Sperm cells are highly specialized for their function in reproduction and have a unique structure among the human cell types. Similarly, the repertoire of proteins that are present in sperm comprise many cell-type specific components. Researchers affiliated with the Human Protein Atlas have started to map proteins in human sperm using immunofluorescence and confocal microscopy to complement and further build on the comprehensive studies of the sperm proteome that so far mainly have been performed using mass spectrometry. This new approach gives a detailed view of the presence and subcellular localization of proteins in sperm, with single-cell resolution.

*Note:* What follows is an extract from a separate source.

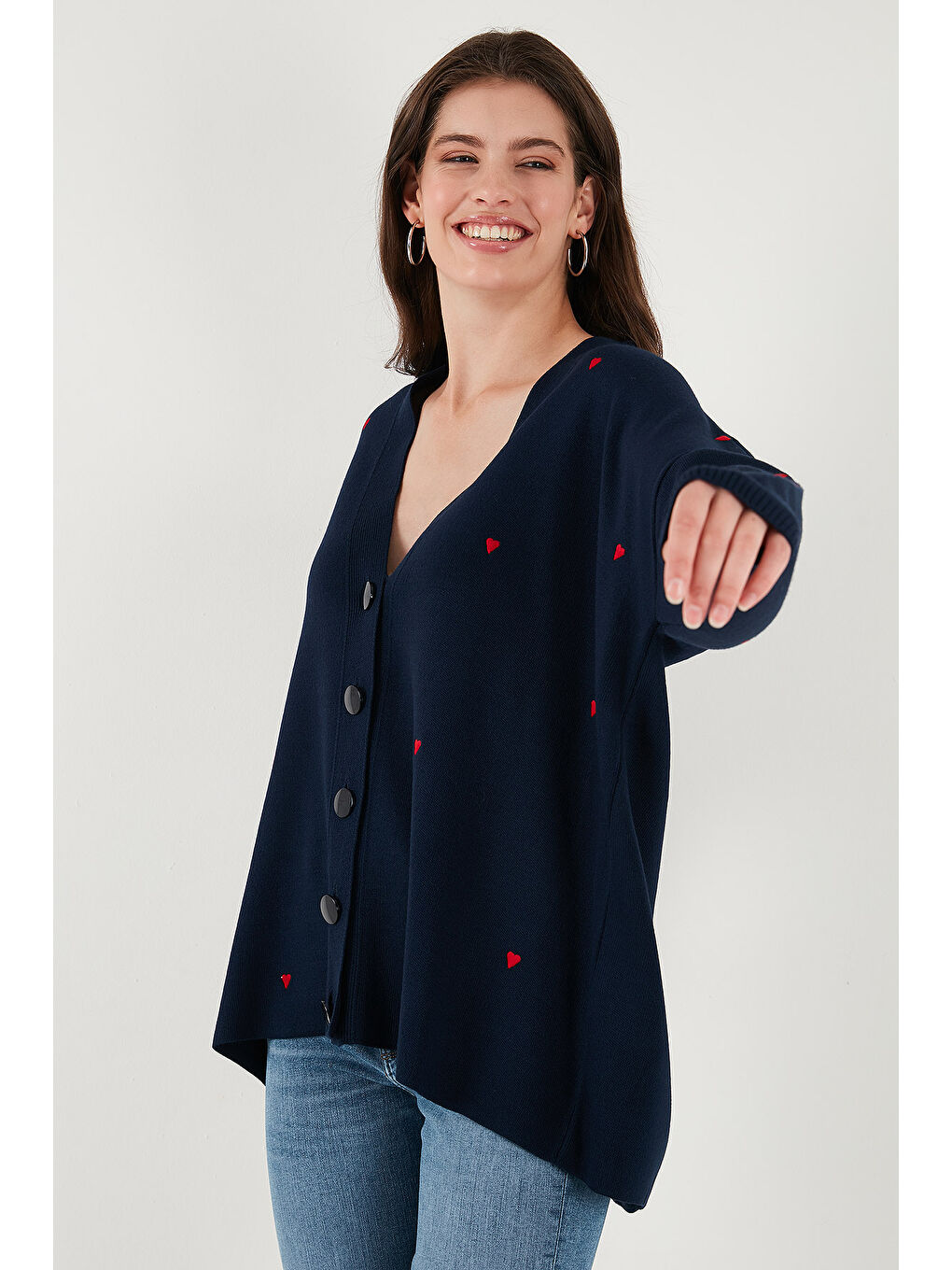 Lacivert Rahat Kesim V Yaka Triko Kadın Hırka 4616190-3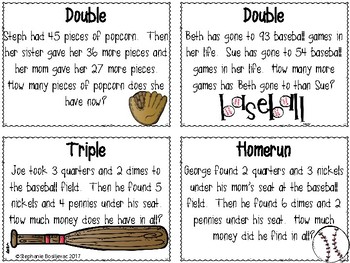 2nd Grade Math Review (Playing Baseball) by Second Grade Sweets | TPT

Human sperm consists of a head region, which mainly carries the paternal genome and proteins involved in fertilization of the egg, and a tail region, which is essential for motility and navigation. For sperm to be able not only to swim, but also to find their way to the egg, they need to be able to carefully sense their environment and modulate their swimming path accordingly. On the route to the egg, they also need to go through multiple carefully coordinated maturation events in preparation for fertilization. Thus, it is not surprising that sperm cells contain many proteins involved in cell signaling. The signaling pathways in sperm are highly intertwined and not fully elucidated, but they generally converge at careful regulation of intracellular HCO3^-, pH_i, cAMP and Ca²⁺, as well as membrane hyperpolarization. These need to be controlled both in time, but also in subcellular space, and thus the cell signaling proteins that mediate the control are likely to be highly compartmentalized at the subcellular level.

One example is the main Ca²⁺-channel in mammalian sperm, called CatSper. This complex is built from four pore-forming subunits and several accessory subunits. Antibody-based staining of the core subunits, such as CATSPER3 (see figure, left panel), indicates that these proteins are mainly localized to the principal piece of the tail, forming a gradient with higher concentration in the proximal part. In addition, the punctate staining pattern suggests that CatSper is concentrated in distinct patches in the plasma membrane, supporting the idea of carefully organization of CatSper into signaling domains along the flagellum (Chung et al, 2014). Furthermore, antibody-based staining of the accessory subunits indicates that these display variable distribution patterns along the flagellum. For example, CATSPERB (see figure, right panel) is mainly found in the midpiece of the tail. The potential structural and functional implications of this variability remain to be explored, but this is one example that demonstrates the complexity of protein localization in sperm, and the advantage of imaging-based mapping of the sperm proteome.